Because a flirtatious 22-year-old intern decided not to have the stains from a sexual encounter with the President removed from her dress, William Jefferson Clinton is impeached.

Because America's leading pornographer threatened to out the next Speaker of the House as a multiple philanderer, Robert Livingston throws in the towel, announces he's through with politics, and heads back to civilian life.

Because the same pornographer lets it be known to a favoured few that he has the goods on many other Congressmen, including at least one who has expressed an interest in running for president, other top politicians will soon bite the dust.

Because the secret files of the Starr investigation, not included in the Independent Counsel's public report, but available to members of the House Judiciary Committee, contain more smarmy details about the President's private life, no one can say for sure how this mess will end, much less when.

After perhaps the most extraordinary week in American political history - impeachment, resignations and a small war - the experts still recite their mantra: "This isn't about sex."

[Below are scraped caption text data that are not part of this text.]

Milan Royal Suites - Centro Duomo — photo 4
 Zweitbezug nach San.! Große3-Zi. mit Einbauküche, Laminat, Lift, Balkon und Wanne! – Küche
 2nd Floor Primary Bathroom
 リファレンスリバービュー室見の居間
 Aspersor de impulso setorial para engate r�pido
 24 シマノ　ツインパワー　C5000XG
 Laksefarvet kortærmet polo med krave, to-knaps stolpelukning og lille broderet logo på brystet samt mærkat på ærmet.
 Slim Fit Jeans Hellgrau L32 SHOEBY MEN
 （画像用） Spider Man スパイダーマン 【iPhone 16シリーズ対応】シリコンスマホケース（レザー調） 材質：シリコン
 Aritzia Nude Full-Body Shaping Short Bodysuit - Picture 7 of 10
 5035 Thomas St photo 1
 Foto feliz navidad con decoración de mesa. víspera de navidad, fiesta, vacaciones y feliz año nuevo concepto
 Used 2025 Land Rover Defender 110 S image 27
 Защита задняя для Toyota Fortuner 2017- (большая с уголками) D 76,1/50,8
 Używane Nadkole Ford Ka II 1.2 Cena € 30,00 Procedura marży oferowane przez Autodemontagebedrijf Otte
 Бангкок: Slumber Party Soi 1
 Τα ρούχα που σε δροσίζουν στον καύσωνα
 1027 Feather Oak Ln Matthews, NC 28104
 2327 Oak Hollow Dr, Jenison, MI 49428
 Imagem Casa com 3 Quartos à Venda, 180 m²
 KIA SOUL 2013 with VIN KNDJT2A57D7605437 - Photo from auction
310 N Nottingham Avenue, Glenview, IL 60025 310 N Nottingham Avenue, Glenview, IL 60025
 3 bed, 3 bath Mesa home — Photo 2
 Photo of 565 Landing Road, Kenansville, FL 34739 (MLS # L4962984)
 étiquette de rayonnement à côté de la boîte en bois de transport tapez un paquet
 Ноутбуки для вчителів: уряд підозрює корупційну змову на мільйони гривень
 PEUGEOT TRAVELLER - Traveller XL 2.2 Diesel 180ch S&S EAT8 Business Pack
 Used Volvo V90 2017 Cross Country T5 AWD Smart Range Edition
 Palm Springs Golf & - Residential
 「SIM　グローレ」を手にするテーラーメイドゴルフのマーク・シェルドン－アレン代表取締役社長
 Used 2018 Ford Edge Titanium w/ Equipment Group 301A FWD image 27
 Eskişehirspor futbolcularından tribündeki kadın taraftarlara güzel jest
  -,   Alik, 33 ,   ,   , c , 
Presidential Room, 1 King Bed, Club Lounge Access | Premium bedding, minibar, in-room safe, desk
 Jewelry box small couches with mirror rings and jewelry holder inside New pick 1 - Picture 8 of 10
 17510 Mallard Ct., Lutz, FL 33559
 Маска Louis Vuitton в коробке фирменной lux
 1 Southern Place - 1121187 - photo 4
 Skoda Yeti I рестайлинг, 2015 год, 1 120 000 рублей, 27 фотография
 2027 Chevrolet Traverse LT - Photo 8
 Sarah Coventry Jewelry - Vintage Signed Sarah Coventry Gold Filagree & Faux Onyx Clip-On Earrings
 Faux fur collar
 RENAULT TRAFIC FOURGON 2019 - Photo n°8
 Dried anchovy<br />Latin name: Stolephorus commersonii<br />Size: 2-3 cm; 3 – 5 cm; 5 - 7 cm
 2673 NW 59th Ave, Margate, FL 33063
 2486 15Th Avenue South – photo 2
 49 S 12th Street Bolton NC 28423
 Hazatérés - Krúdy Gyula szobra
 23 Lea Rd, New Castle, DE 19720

Well, you could have fooled me.

ANYONE WHO CLAIMS to predict tomorrow's headlines is crazy. During the impeachment hearings, Democrats were almost as critical of President Clinton as were Republicans. In an effort to persuade their colleagues that censure was a viable alternative to removal from office, one Democrat after another rose to document presidential sins: philandering, perjury, and obstruction of justice. Then, after Clinton was actually impeached, they piled into buses and drove down Pennsylvania Avenue to the White House. In front of the television cameras they jostled each other for the chance to show their support for the man they had just branded a philanderer, a perjurer and an obstructer of justice.

All this, mind you, when the latest Washington Post-ABC News poll (taken on Saturday and Sunday) shows that more than two out of every three Americans feel the President should not be removed from office, and 79 per cent of them think that too much attention is being paid to the extramarital affairs of elected officials.

This morning, in Washington, almost no one believes that the Senate will really convict the President and remove him from office. Instead there is increasing talk of censuring the President, after his trial has begun but before a verdict has been rendered. (As if impeachment itself somehow is not sufficient censure.)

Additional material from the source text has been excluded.